Rough hewn rustic furnishings in the makeshift foyer, subdued lighting throughout the auditorium, young people dressed in old-fashioned school uniforms gathering in what seem to be period classrooms to either side of the stage, as one boy plays an upright piano; the ambience ensures that the audience enters the world of Spring Awakening from the outset. Modern posters on the proscenium, juxtaposed with period settings appropriate to Franz Wedekind’s original 1892 drama on which the musical is based, intimate the timelessness of the musical’s issues.
This 2007 Tony Award winning rock musical, adapted from a century old play, tackles issues as contemporary as they are timeless – adolescent sexual awakening and orientation, teen angst, youth suicide and teenage preganancy.
Blacktown Theatre Company’s uncomplicated, intimate production is a seamless ensemble effort, with a strong sense of theme and narrative. Director Elle Zattera has created a fluid minimalist staging, where a few necessary props are moved on and off the stage by the cast in often almost invisible, precisely choreographed transitions.
While thirteen young performers make varied individual contributions, they unite impressively in close-quarters, often in-your-face ensemble work.
Stepping forward from this focused, well-balanced young ensemble in key roles, Nicole Lotters’ Wendla has a delightful, naïve sensuality; Julian Luke’s intense Mechior is a convincing young outsider; John Apotsis develops the role of Moritz credibly from nervy and hyper to angry and frustrated, while an engaging mystique surrounds Laura Bradford's Ilse.
The adult authority figures are generally well-handled by five performers, instead of the usual two, though in one scene Wendla’s mother might better express credible anger using more variety and less shouting.

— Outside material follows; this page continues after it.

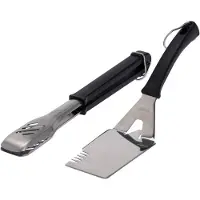 Vaggan Set BBQ Acier inoxydable - 37x13x5cm | Spatule et Pince à viande pour Barbecue Acier inoxydable avec Crochet de suspension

Fresh from the joyous 50s dance of the NSW Amateur Premiere of Hairspray, choreographer Craig Nhobbs has created gritty, dramatic movement for this production.
Importantly for a rock musical the sound balance works well, with Stephen Zrnic’s small band, an effective mix of rock and string instruments, positioned backstage.
Engaged with the truth of their characters, these young community theatre performers make this Spring Awakening well worth a look.